- [ASSIGNMENT]: The material below contains a line with "Vnitřní vinylový koberec Žlutá designs" and a line with "Westbound & Down". Copy exactly those two lines and all lines between them.

- [RECORD EXTRACTS]:

((

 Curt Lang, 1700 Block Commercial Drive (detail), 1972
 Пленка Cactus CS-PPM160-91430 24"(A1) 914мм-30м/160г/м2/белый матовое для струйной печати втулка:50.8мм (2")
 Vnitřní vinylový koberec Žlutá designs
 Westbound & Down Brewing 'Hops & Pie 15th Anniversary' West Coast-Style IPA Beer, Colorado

))
((

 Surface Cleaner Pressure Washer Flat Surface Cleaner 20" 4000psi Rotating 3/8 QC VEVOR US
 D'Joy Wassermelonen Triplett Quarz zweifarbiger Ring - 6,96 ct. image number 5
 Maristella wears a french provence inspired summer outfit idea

))

- [TASK OUTPUT]:
 Vnitřní vinylový koberec Žlutá designs
 Westbound & Down Brewing 'Hops & Pie 15th Anniversary' West Coast-Style IPA Beer, Colorado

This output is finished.